Peugeot 203 RA et 203 RB, la “jeep” franc-comtoise
Au début des années 50, l’Armée Française cherche à remplacer ses Willys issues de la Seconde Guerre mondiale. En 1949, Peugeot part de la base d’un utilitaire 203 pour plancher sur sa vision propre vision d’un véhicule de liaison tout-terrain mais Delahaye remporte le marché avec sa VLR. Mais rapidement, le véhicule se révèle mal adapté et l’Armée lance un nouvel appel d’offres. Peugeot développe la 203 RA, puis RB : 11 VSP (véhicule de servitude Peugeot) seront produits pour évaluation, mais l’Armée préfèrera la proposition plus simple d’Hotchkiss, la M201 (une Willys sous licence).
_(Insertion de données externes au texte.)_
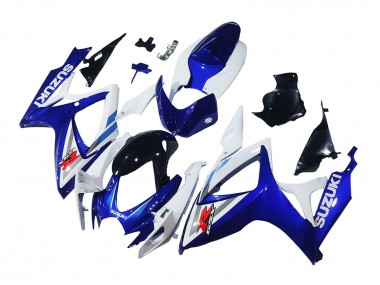 Mejores Carenados Moto Suzuki GSXR 600 / GSXR 750 2006-2007 - Blanco Azul Negro Brillante Rojo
Peugeot à l’assaut des véhicules « moyens » de 7 et 8 CV
Dès janvier 1944, les études stylistiques commencent, tandis que les ingénieurs planchent sur la future voiture. Contrairement à Citroën et même à Renault, les usines de Peugeot ont beaucoup souffert de la guerre et la voie choisie semble la mieux adaptée pour se relancer sans s’éparpiller sur plusieurs modèles. A la Libération, il s’agit de reconstruire l’outil de production, de relancer la machine, puis lancer au plus vite la future 203 dont le nom est défini en avril 1945. Pour le style, on s’inspire des américaines (en plus petit) : il est enfin défini en 1946. Alors que le Plan Pons est en cours de définition, Peugeot est renforcé dans son choix et fait en sorte que lui soit attribué le fameux segment des voitures moyennes, entre 7 et 8 CV (Peugeot n’en sortira qu’en 1965 avec le lancement de la 204 suivi rapidement de la 304).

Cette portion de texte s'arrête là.